How and why halo issues are, in fact, business issues for everyone involved in the given enterprise, 4 July 2014
So, what’s a Code Halo? Is it what virtuous spies, geeks, and quants receive upon entrance to heaven? No. According to Malcolm Frank, Paul Roehrig, and Ben Pring, “A Code Halo is the field of digital information that surrounds any noun – any person, place, or thing. More often than not, that virtual self can provide more insight into – and thus generate more value from – the physical entity alone.” The more information — relevant information — that can be obtained about a given person, the brighter that person’s halo will shine. Consider the results of six companies that have taken the greatest advantage of such information: Amazon, Apple, Facebook, Google, Pandora, and Netflix. They comprise what the co-authors characterize as the “First Trillion Club.” In 2003, their combined market capitalization was $1.2 trillion. Ten years later, it was at least 40 times greater. Consider, also, the fate of those who competed with them: Borders, Nokia, MySpace, Yahoo!, HMV, and Blockbuster.
The more information — to repeat, relevant information — a company has about its customers, the better prepared it is to accommodate their needs, interests, dreams, concerns, goals, and preferences. How to do this? Read and then re-read this book with appropriate care, highlighting key material and recording notes in a lined notebook while doing so.
These are among the dozens of business subjects and issues of special interest and value to me, also listed to indicate the scope of Frank, Roehrig, and Pring’s coverage.
o The Five Business Code Halos: Overview (Pages 28-32)
o Employee Code Halos: New Ways for Team Members to Connect and Solve Problems (33-34)
o The Partner Code Halo: Weaver of Webs (34-35)
o The Enterprise Code Halo: Brand Aggregator (35-37)
o The Amplifier: The Internet of Things Is a Network of Code Halo Amplifiers (39-43)
o Successful Algorithms Power Code Connections and Create Insight (47-48)
o Business Analytics Drives Both Cost Containment and Revenue Growth (91-96)
o Actions that leadership teams can take to make Code Halos “fundamentally attractive and compelling” (103-116)
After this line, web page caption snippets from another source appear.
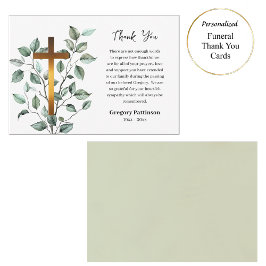 Elegant Greenery Copper Kor katolsk begraver Tack Kort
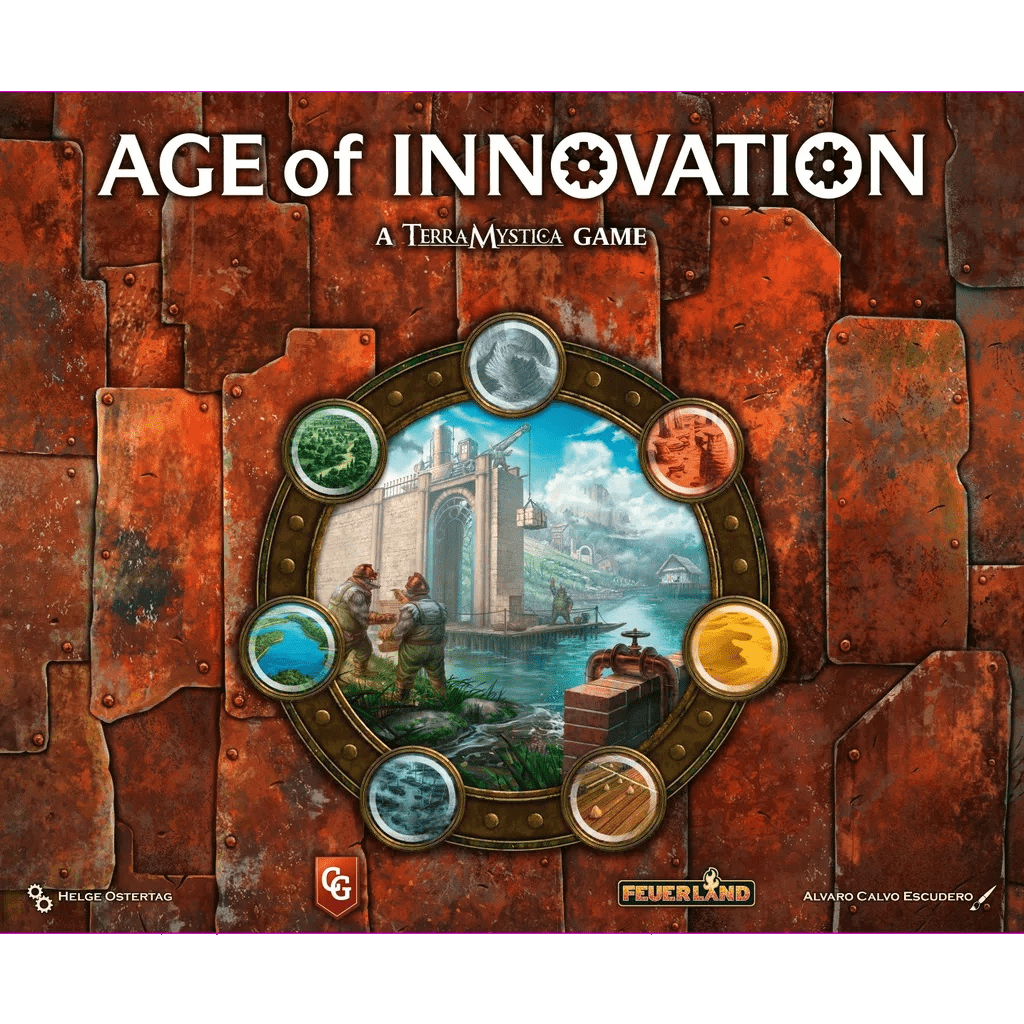 Box cover for Age of Innovation by Capstone Games, with a circular medieval city gate illustration, six colored tokens, and a rusty metallic background capturing this epic strategy game's immersive world.
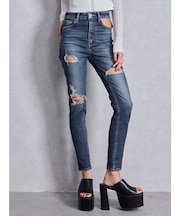 ハイウエストcut out poketダメージスキニーデニムパンツ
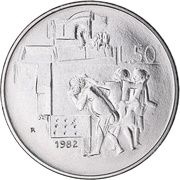 50 Lire Racial tolerance, San Marino, 1982 reverse image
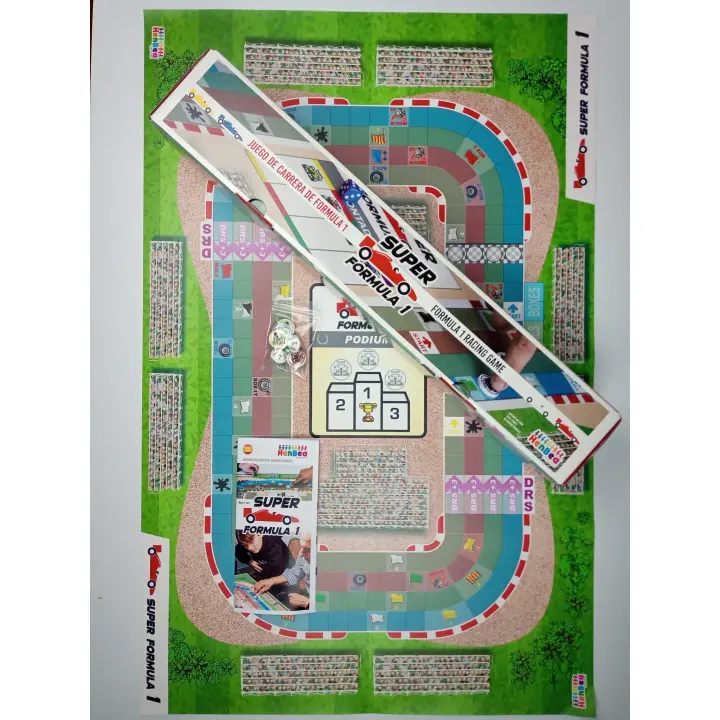 HENBEA Super Formula 1 Juego Mesa Familiar Juguetes Regalo Niños Adultos Fans Carreras F1 Deporte Estrategia Competicion Tablero Grande Lona Jardín Impermeable 85x55 cms Apto Exteriores 7-77 años - 1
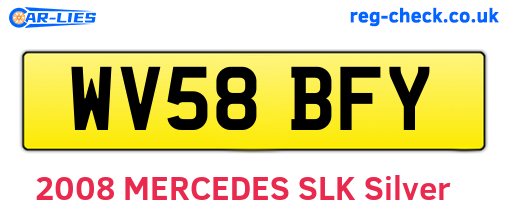 WV58BFY are the vehicle registration plates.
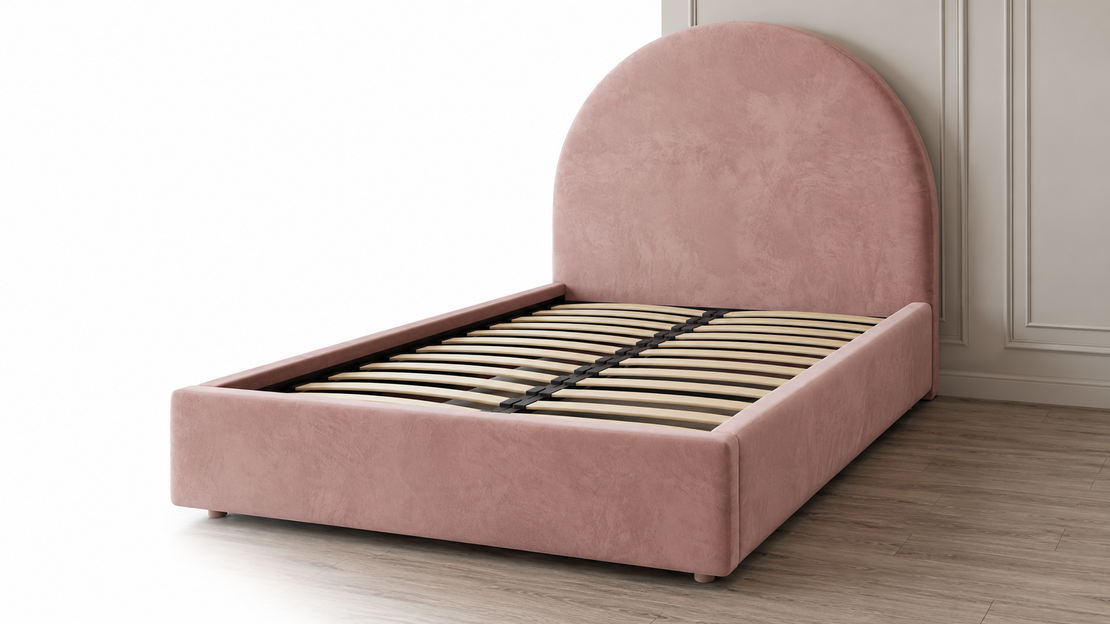 Modern Dusty Pink Arched Bed Frame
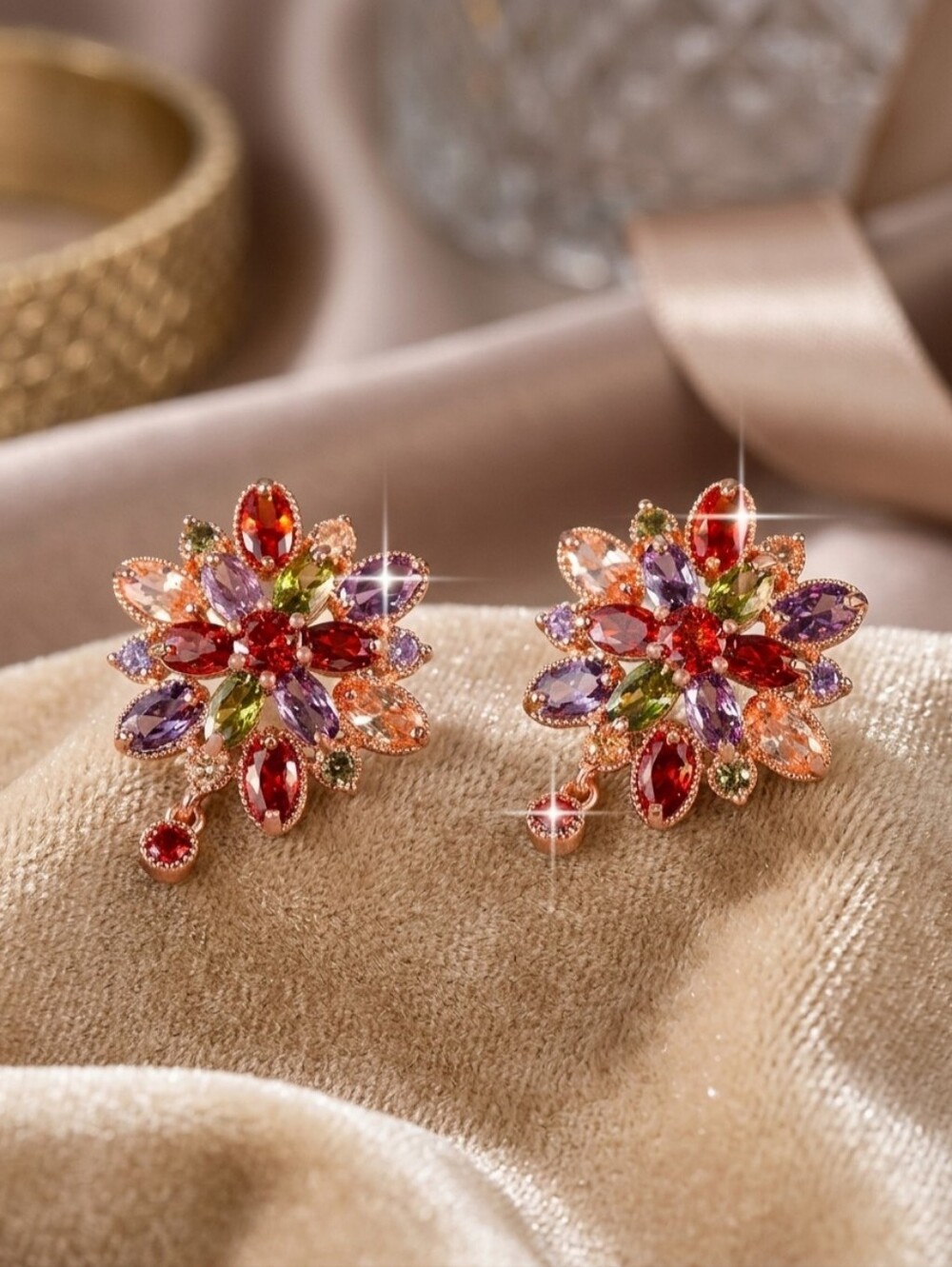 Luxury Flower Cubic Zirconia Drop Earrings Multicolor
o Create Moments of Magic Through Correlations Found in Big Data (111-114)
o Putting the “Dark Side” into Context — Four Perspectives (119-126)
o Taking Action to Avoid “Evil” (126-144)
o Align IT Along Three Horizons (159-163)
o Create a Spark: Pilot Your Best Code Halo Solutions (194-204)
o Ensure a Balanced Focus on All Five Elements of Your Code Halo’s Anatomy (212-215)
o Clear Rules for Winning at the Crossroads (226-227)
I agree with Malcolm Frank, Paul Roehrig, and Ben Pring: “The key to success — as we have outlined in this book — is to first recognize the contours of the transition [to the new economic model] and then follow the proper process to address it. The transitions to date in music, movies, books, phones, and information services serve as our canaries in the coal mine. They have shown a pattern — the “Crossroads Model” — that we believe will repeat itself again and again in coming years.” The five “clear rules” they offer will help business leaders to seize unique and unprecedented opportunities that have only begun to reveal themselves. It remains for those who read this book to embrace rather than attempt to ignore or delay a transition that could well prove to be the most significant paradigm shift thus far.
One final point: The information, insights, and counsel in this volume can be of incalculable value to leaders in any organization – whatever its size and nature may be – if (a HUGE “if”) they select whatever material is most appropriate to their organization’s needs, resources, and strategic objectives. Obviously, it would be a fool’s errand to attempt to apply everything.